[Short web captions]
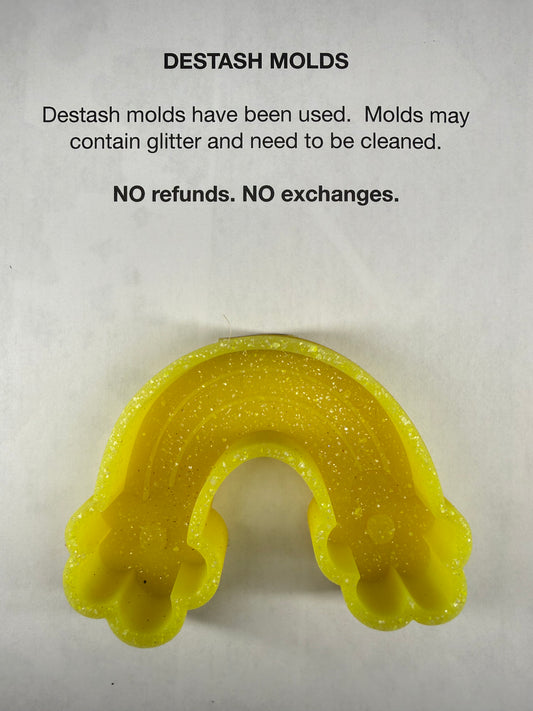 DESTASH Mold - Rainbow with flowes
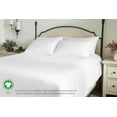 thumbnail image 3 of Delara 100% Organic Cotton Queen Flat Sheet, 400-Thread Count, GOTS Certified, Ultra Soft, Moisture-Wicking, 96 x 105 Inches, Ivory, 3 of 7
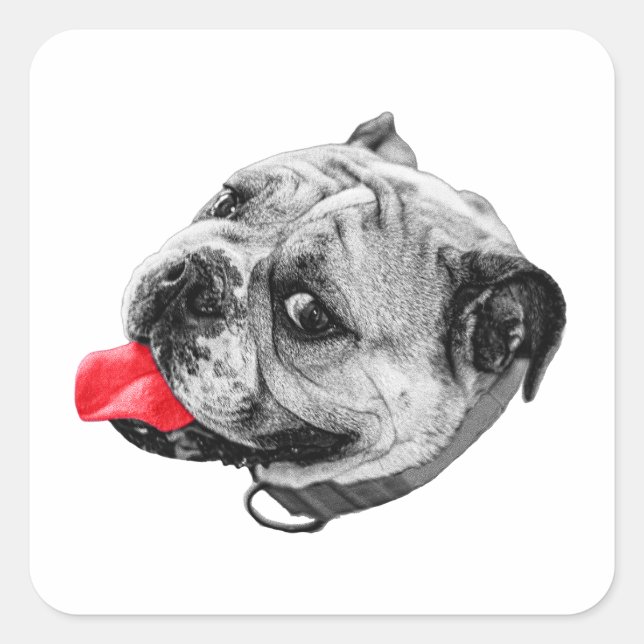 Adesivo Quadrado Red Smile Mark (Frente)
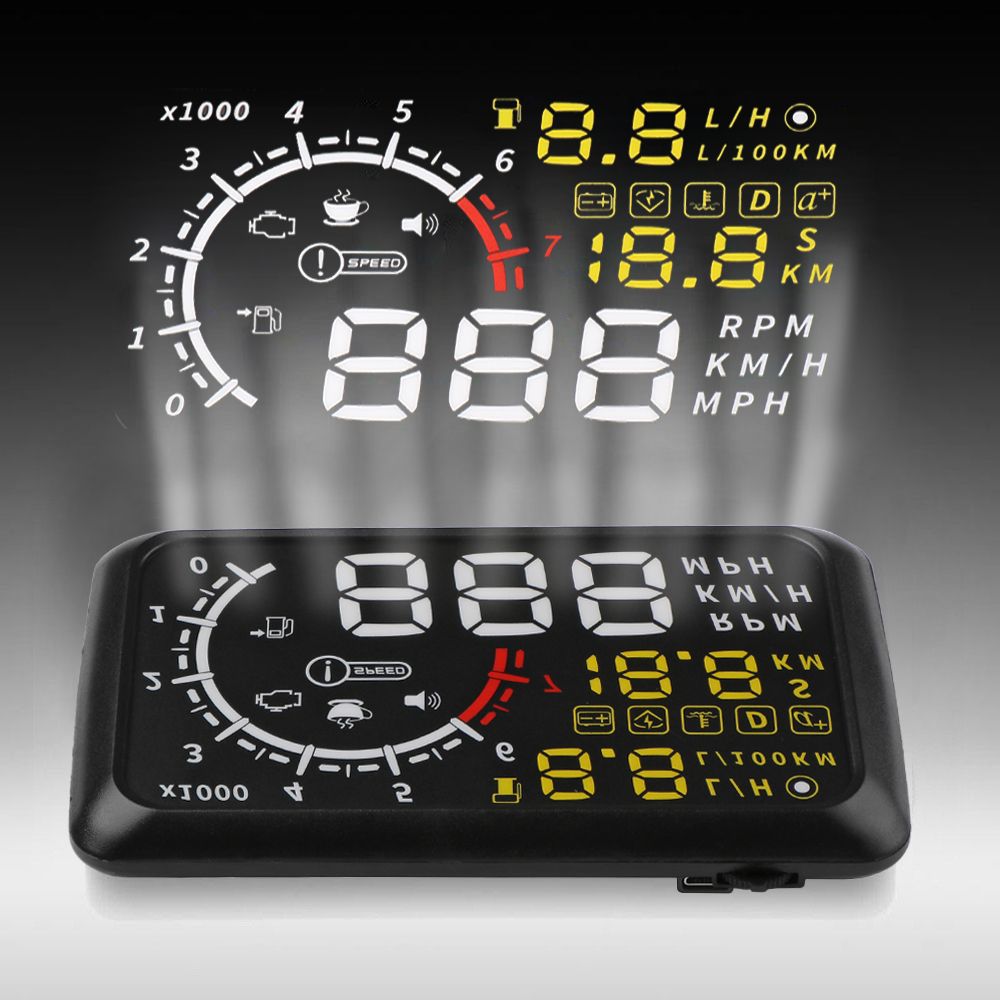 Who uses the projector to display speed in the car 92 Who uses the projector to display speed in the car 53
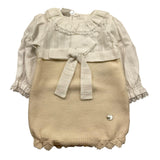 PAZ RODRIGUEZ pagliaccetto manica lunga bicolore Panna per Neonata 0051110722 PANNA PAZ RODRIGUEZ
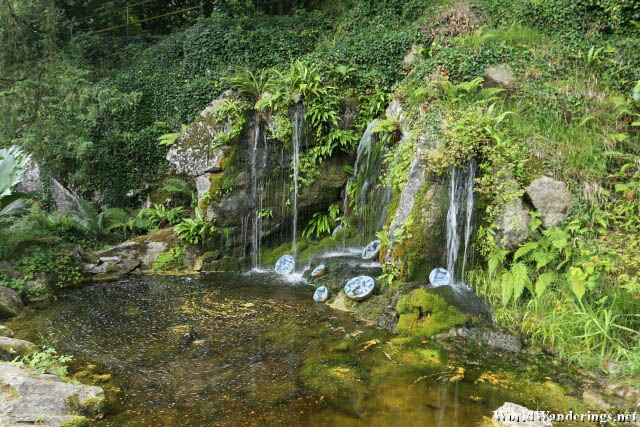 Waterfall at the Bog Garden in Blarney Castle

--- ASSIGNMENT ---
Pictures are to be dropped; every line of the records is to be returned unchanged.

--- THE ANSWER ---
 DESTASH Mold - Rainbow with flowes
 thumbnail image 3 of Delara 100% Organic Cotton Queen Flat Sheet, 400-Thread Count, GOTS Certified, Ultra Soft, Moisture-Wicking, 96 x 105 Inches, Ivory, 3 of 7
 Adesivo Quadrado Red Smile Mark (Frente)
 Who uses the projector to display speed in the car 92 Who uses the projector to display speed in the car 53
 PAZ RODRIGUEZ pagliaccetto manica lunga bicolore Panna per Neonata 0051110722 PANNA PAZ RODRIGUEZ
 Waterfall at the Bog Garden in Blarney Castle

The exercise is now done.